自分の真正面に打ち込むときもあれば、上流方向に打ち込むことだってある。
僕がこの時使用していたのは10mの本流竿。
なのにこのオッサンは僕の上流約20mの距離に何の声掛けもなく入ってきた。
そしてどんどん下ってくる。
実は伏線があった。
朝のまだ早いうちにも一度このおっさんは声をかけること無しに上流側に入ってきた。
幸いなことに僕は既に岸近くを探ったあとだったので、僕が上流側に打ち込む箇所と被るくらいの距離にそのオッサンが流し始めても何も言わなかった。
せっかく釣りに来たのに小競り合いをして気分を悪くしたくない。
しかし、二度続くとさすがにもう勘弁ならない。
だから言ってやった。
「今ここは休ませてるので、それ以上は下ってこないでください」と。
「えっ!?だってやってないんでしょ?」
僕がですます調の丁寧語で話しかけたにもかかわらず、いきなりフランクリイ・スピーキングだった。
それにも腹が立ったので次はきつく言った。
「やってるよ。さんざん探ったから暫く休ませてんだよ。」
「チッ!」と舌打ちのように口籠ってぶつぶつ言うだけの態度に更に腹が立ったので教育しておいた。
「だいたい上でも下でも隣に入るときは一声掛けるのが最低限のマナーでしょ?」
しかし返答はない。
「聞いてんのっ!?」
こうして追い払った。
誰しも目的の魚を釣りたい、良い釣りがしたい。
だからこそ早起きして良いポイント、お気に入りのポイントに入ろうと努力するわけだ。
先行者とはそういった努力をしている人なのだ。
遅れてきたのだからお目当てのポイントや釣り座に入れなくてもそこは潔く諦めるべきだと思う。
不幸中の幸いかもし隣が空いていて入れそうならば、先行者が釣り上がるのか釣り下るのかの確認等をして、ある程度の距離を置いて入るのが当たり前ではないのか?

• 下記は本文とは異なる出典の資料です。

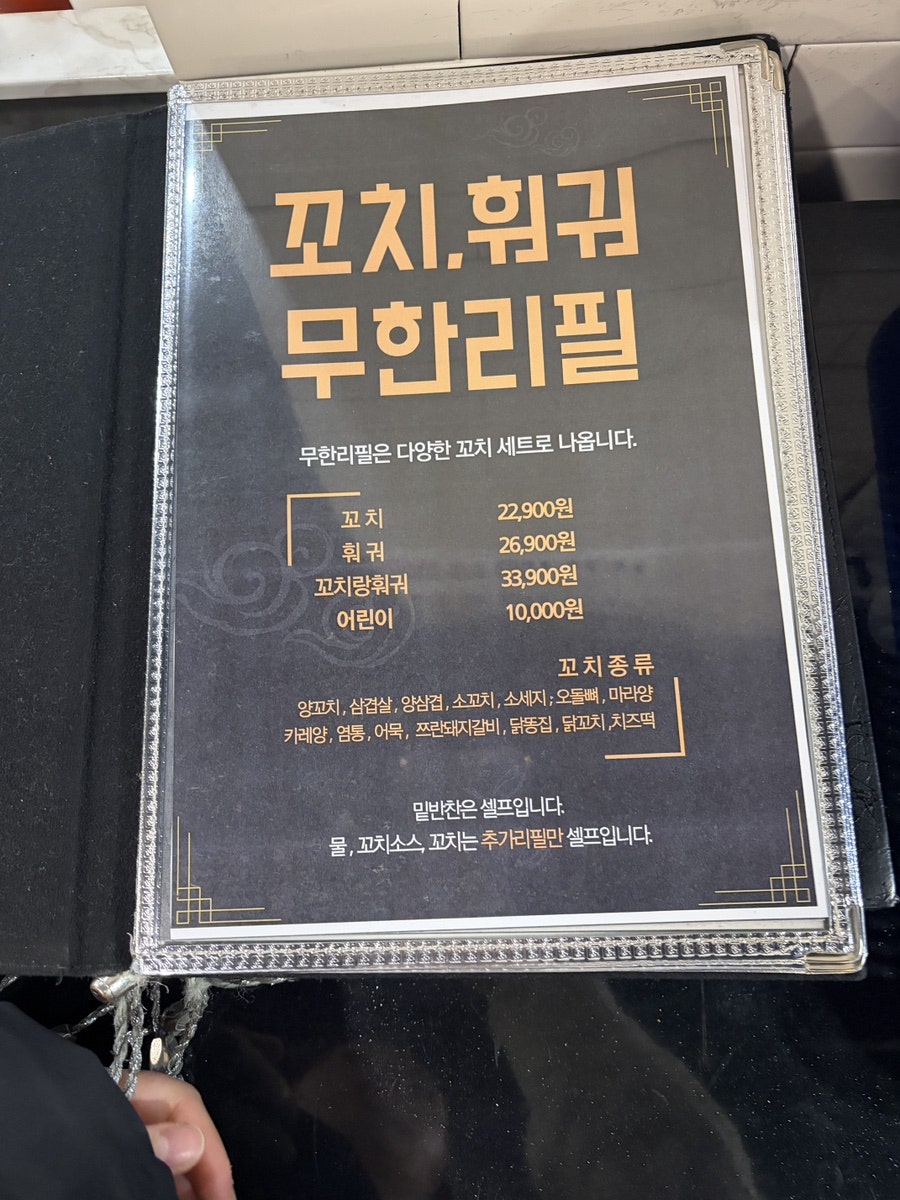 하오츠양꼬치 사진 4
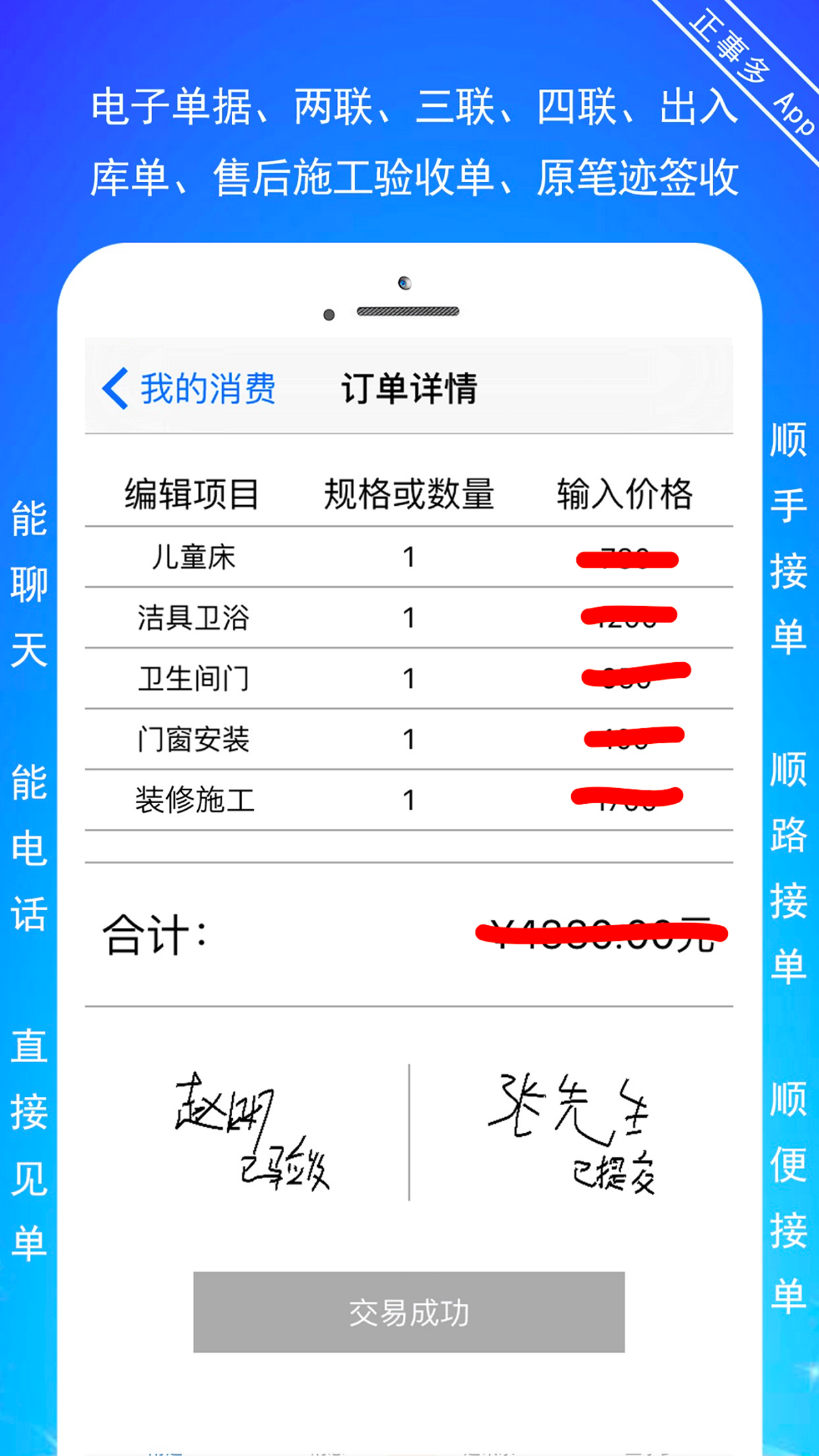 正事多app图2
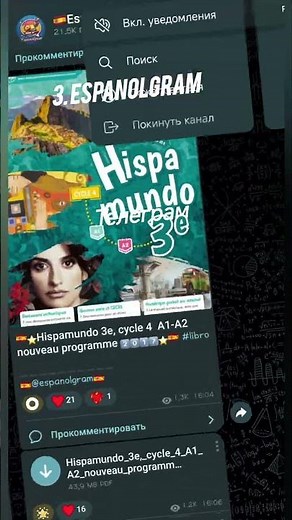 3 бесплатных сайта для изучения испанского 🇪🇸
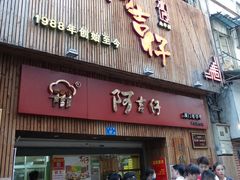 门面-阿吉仔(大元路店)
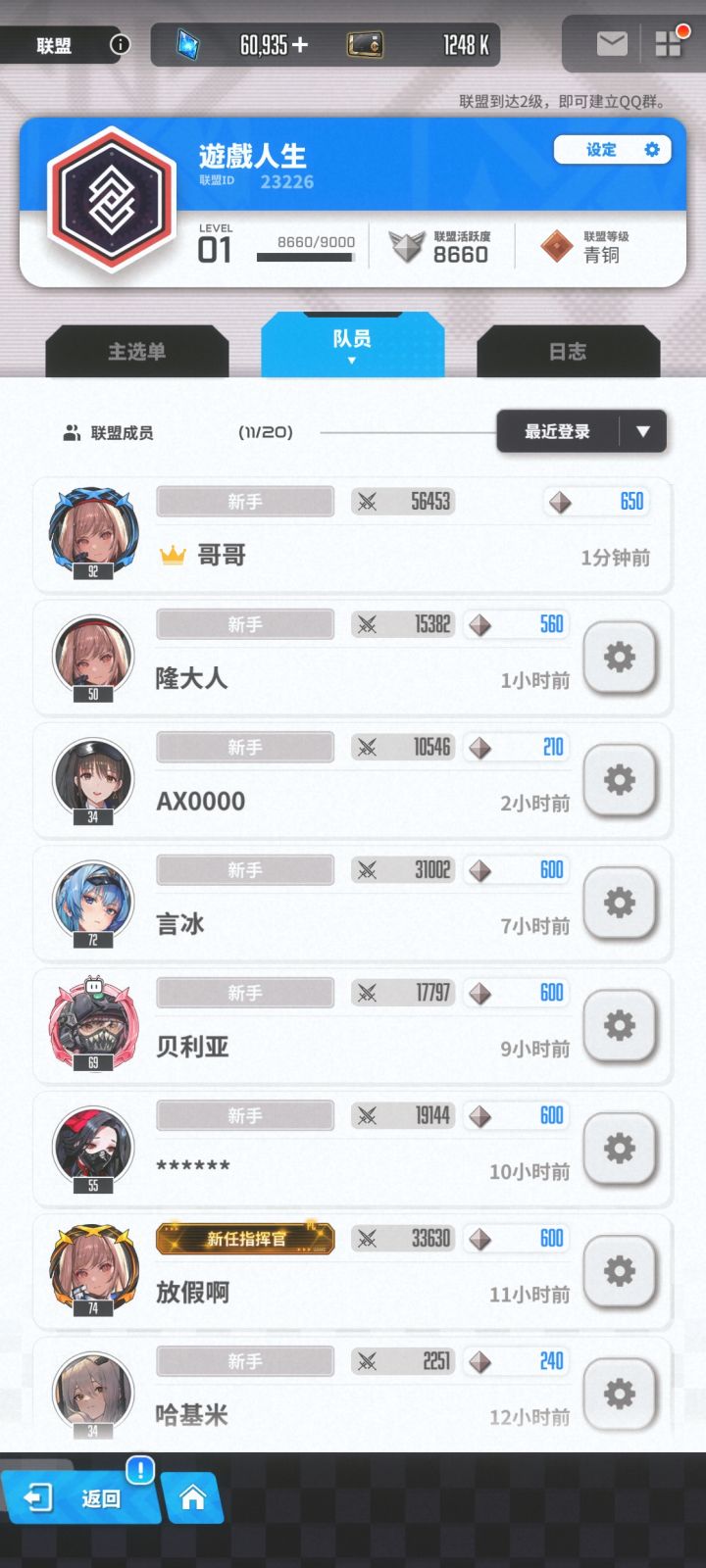 各位小伙伴中伙伴大伙伴们截图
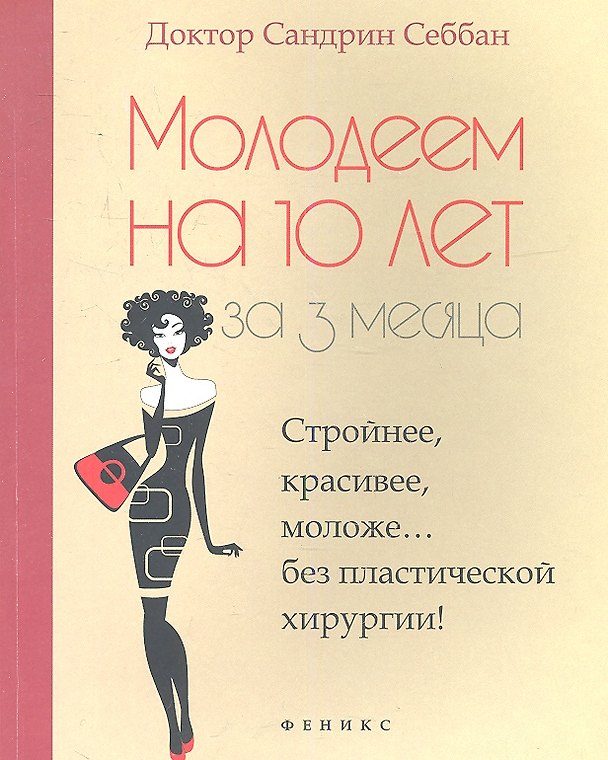 Книга Молодеем на 10 лет за 3 месяца (Сандрин Себбан) — 1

それが朝一番の入川でなくても、先行者が居れば話は同じことだろう。
長良川では、毎朝通っている方々の多くはこのような感じで声を掛け合ってお互いに気分よく釣りをしていると思う。
そういった声掛けから情報交換に話が進んで行くこともあるし、同じ魚種を釣ろうとしている者どうしで皆が楽しい思いを出来た方がいいじゃないか。
感覚的には休日しか釣りの出来ない方にこういった声掛けをしない場合が多いなと思う。
毎日釣りが出来るわけではないから、何とかして釣りたいと必死になる気持ちは分かる。
でもね、人間醜くなってまで釣りをして仮に狙いの魚が釣れたとしても、きっとどこか後ろめたい気持ちは残ると思うがなあ。
長良川に限らずどこの川でも言えるのだが、老若問わずマナーがなっていないと思う釣り師に遭遇する。
そんなに躍起になってギラギラ目を光らせて釣りをしてもあまり良い釣りは出来ないと思うよと言ってやりたい。
「ああ残念、先行者が居たわ、別のとこ行くか」ということで入ったポイントで良い釣りが出来たことだって何度でもある。
釣りをして楽しい気分になった方が良いのだから、そんなに鬼気迫るような感じにならずに、もっと大らかな気持ちで釣りをした方が良いと思うなあ。